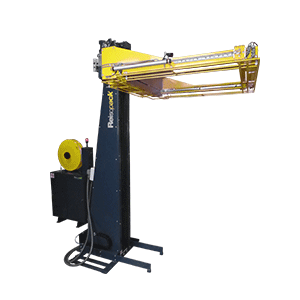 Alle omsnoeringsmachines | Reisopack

---

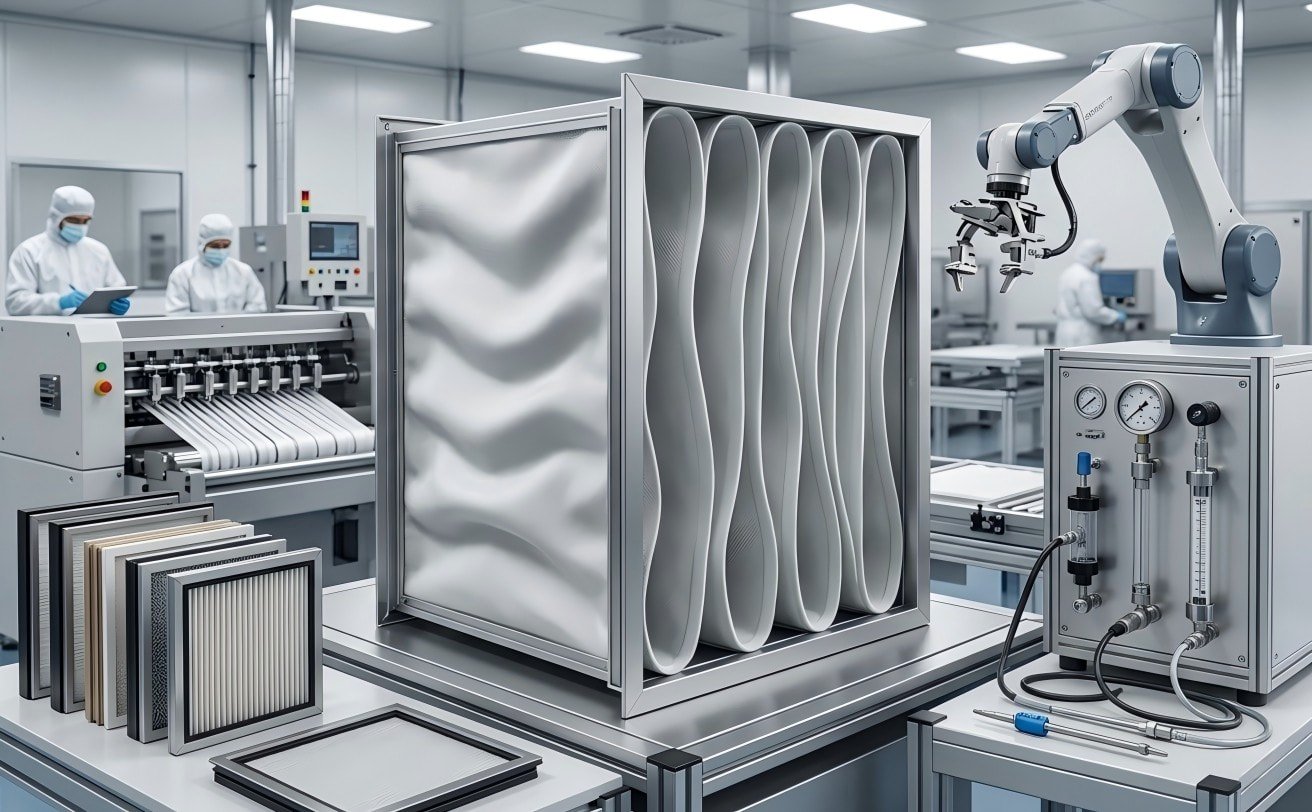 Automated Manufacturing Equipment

==

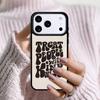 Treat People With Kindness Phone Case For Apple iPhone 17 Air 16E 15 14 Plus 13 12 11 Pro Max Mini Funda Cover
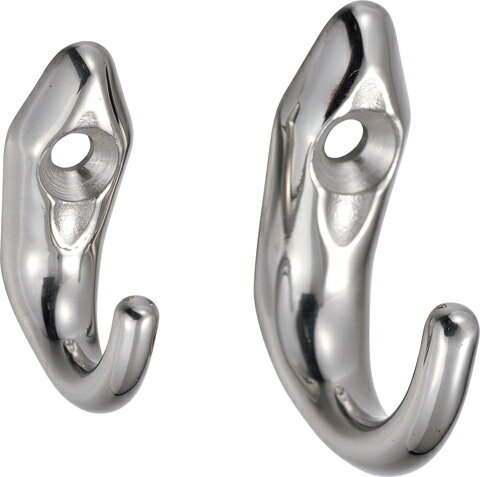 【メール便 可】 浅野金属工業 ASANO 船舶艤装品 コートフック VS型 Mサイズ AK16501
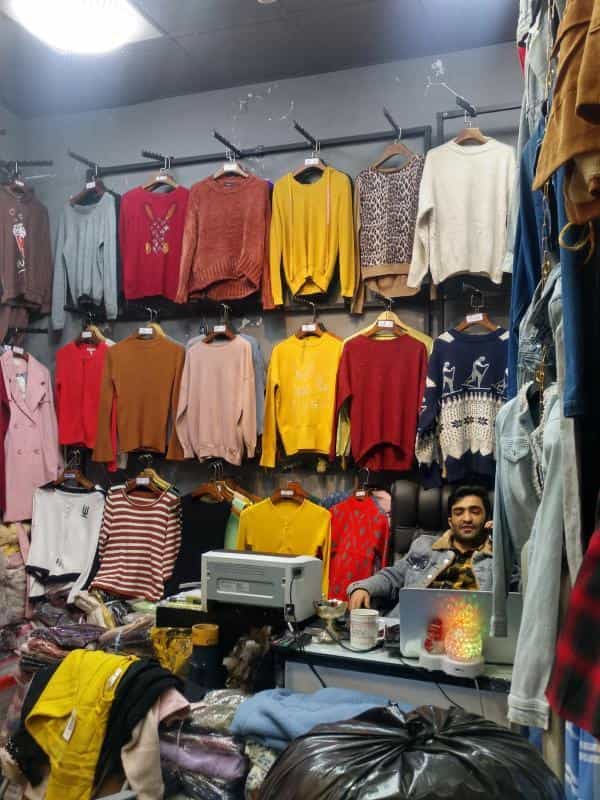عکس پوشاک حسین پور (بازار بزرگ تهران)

§ **TO DO**: Your task is to copy only the lines above starting at the one containing "Treat People With" and ending at the one containing "عکس پوشاک حسین پور (بازار بزرگ تهران)". Copy them exactly, both ends included, and omit the pictures.

§ **SOLUTION**:
 Treat People With Kindness Phone Case For Apple iPhone 17 Air 16E 15 14 Plus 13 12 11 Pro Max Mini Funda Cover
 【メール便 可】 浅野金属工業 ASANO 船舶艤装品 コートフック VS型 Mサイズ AK16501
عکس پوشاک حسین پور (بازار بزرگ تهران)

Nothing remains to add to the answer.